Model-based Deep Reinforcement Learning for Dynamic Portfolio Optimization
This addresses the problem of automating investment decisions for investors, but it is incremental as it builds on existing RL methods with specific modules.
The paper tackles dynamic portfolio optimization by designing a deep reinforcement learning architecture with an autonomous trading agent, incorporating an infused prediction module, generative adversarial data augmentation, and behavior cloning, and demonstrates robustness, profitability, and risk-sensitivity compared to baselines using real financial market data.

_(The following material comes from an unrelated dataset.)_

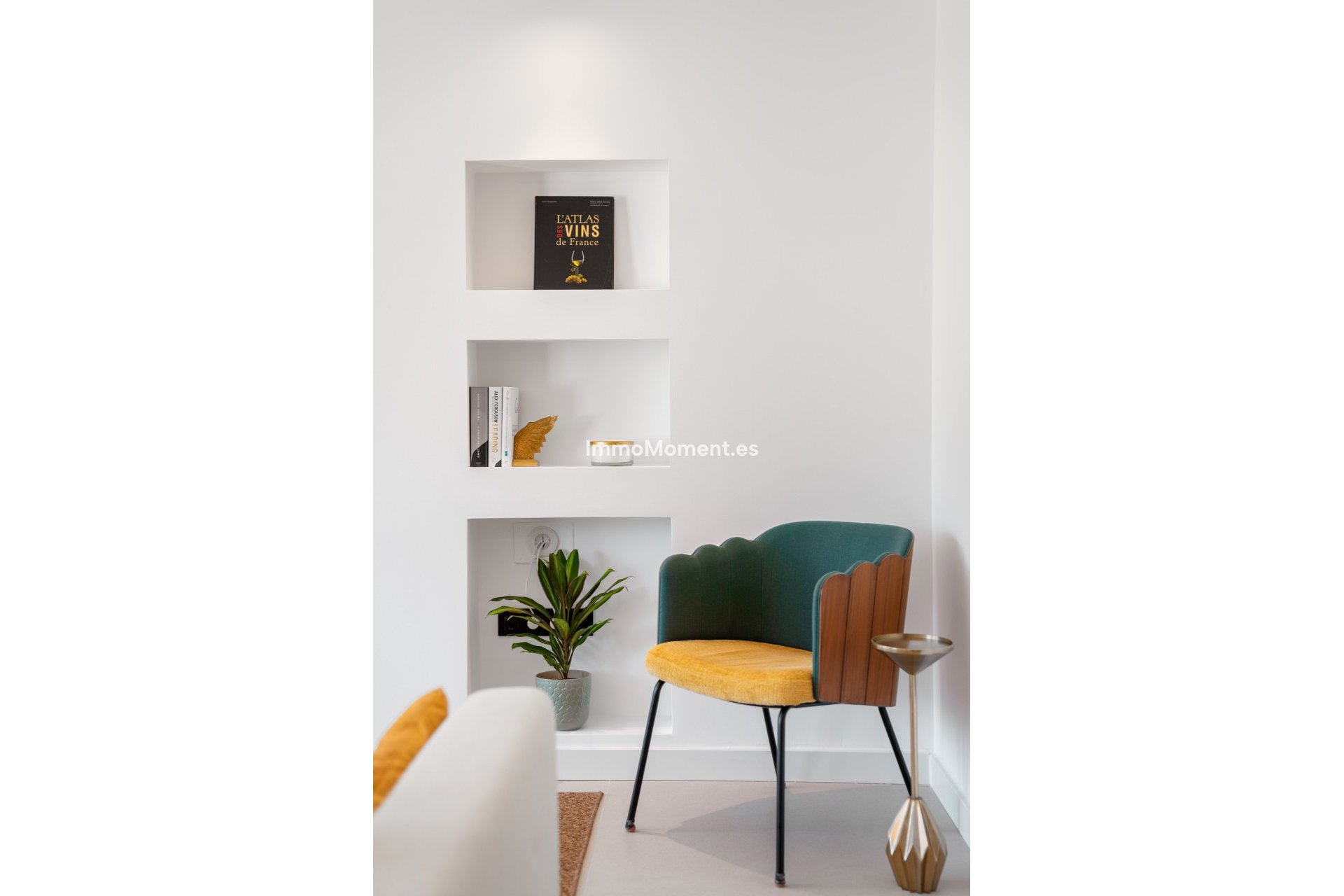 Revente - Maison mitoyenne - Marbella - Nueva Andalucía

Dynamic portfolio optimization is the process of sequentially allocating wealth to a collection of assets in some consecutive trading periods, based on investors' return-risk profile. Automating this process with machine learning remains a challenging problem. Here, we design a deep reinforcement learning (RL) architecture with an autonomous trading agent such that, investment decisions and actions are made periodically, based on a global objective, with autonomy. In particular, without relying on a purely model-free RL agent, we train our trading agent using a novel RL architecture consisting of an infused prediction module (IPM), a generative adversarial data augmentation module (DAM) and a behavior cloning module (BCM). Our model-based approach works with both on-policy or off-policy RL algorithms. We further design the back-testing and execution engine which interact with the RL agent in real time. Using historical {\em real} financial market data, we simulate trading with practical constraints, and demonstrate that our proposed model is robust, profitable and risk-sensitive, as compared to baseline trading strategies and model-free RL agents from prior work.